(Pictures with short captions)
----------------

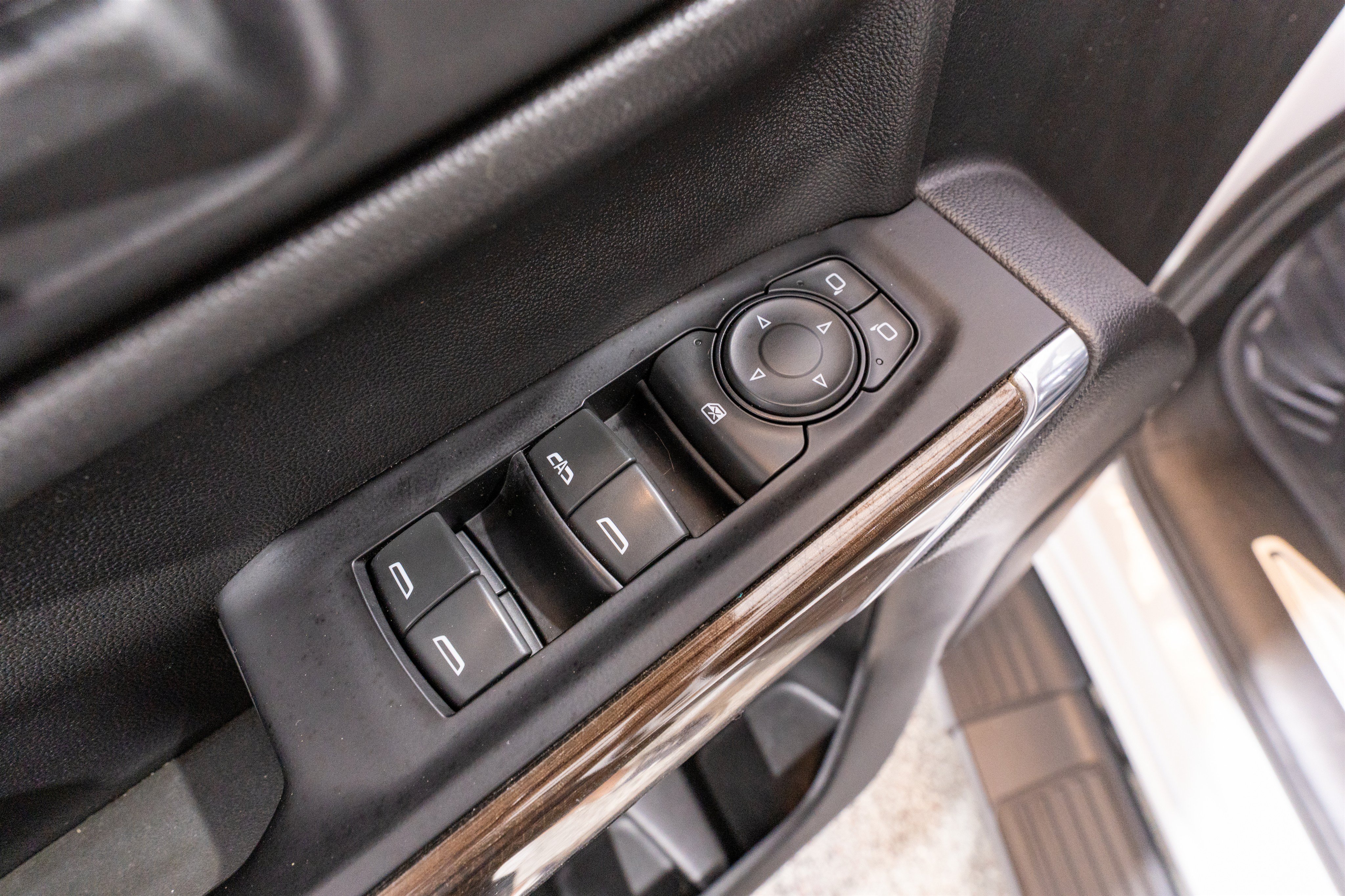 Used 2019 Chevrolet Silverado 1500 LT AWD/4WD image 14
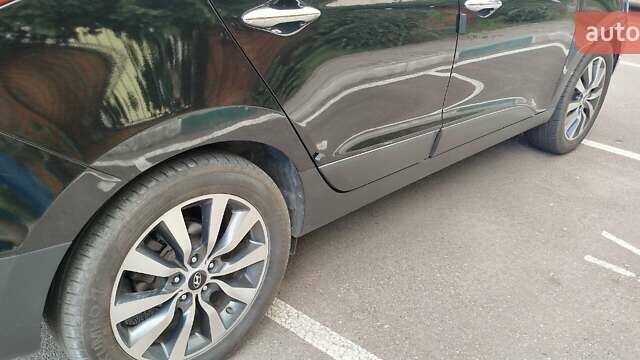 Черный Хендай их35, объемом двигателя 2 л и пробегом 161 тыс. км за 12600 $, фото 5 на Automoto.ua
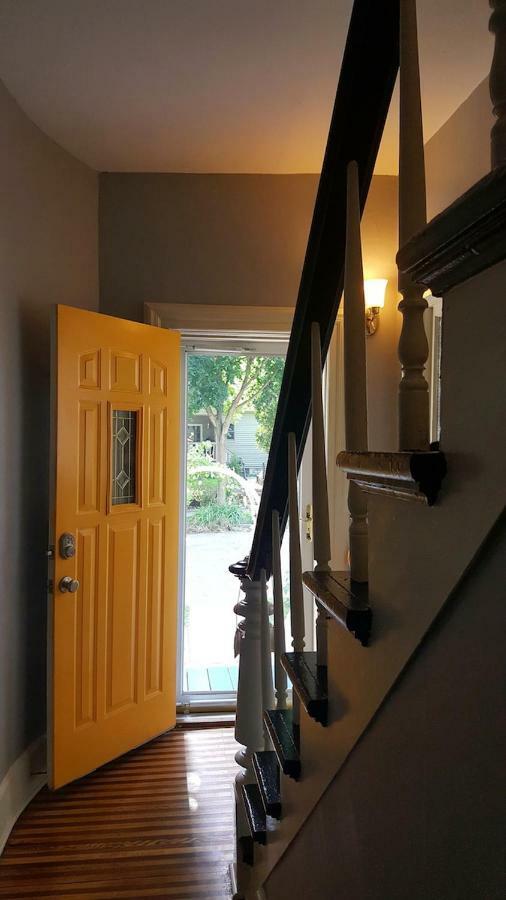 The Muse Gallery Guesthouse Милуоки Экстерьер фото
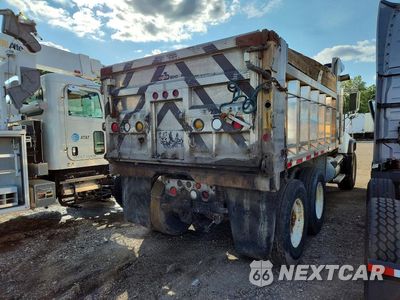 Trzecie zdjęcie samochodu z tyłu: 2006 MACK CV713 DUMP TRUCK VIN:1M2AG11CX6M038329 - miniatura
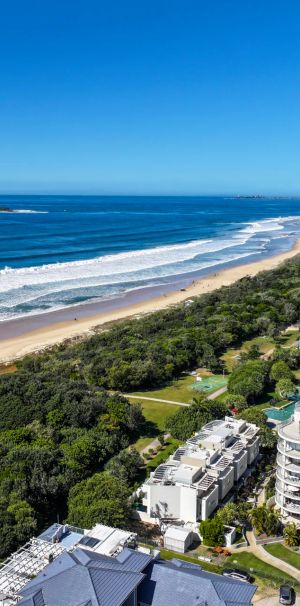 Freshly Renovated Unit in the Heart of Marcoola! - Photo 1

----------------

Task to carry out: What is needed is an exact transcription of the lines from the one holding "The Muse Gallery" to the end of the data, with every picture left out.

Task output:
 The Muse Gallery Guesthouse Милуоки Экстерьер фото
 Trzecie zdjęcie samochodu z tyłu: 2006 MACK CV713 DUMP TRUCK VIN:1M2AG11CX6M038329 - miniatura
 Freshly Renovated Unit in the Heart of Marcoola! - Photo 1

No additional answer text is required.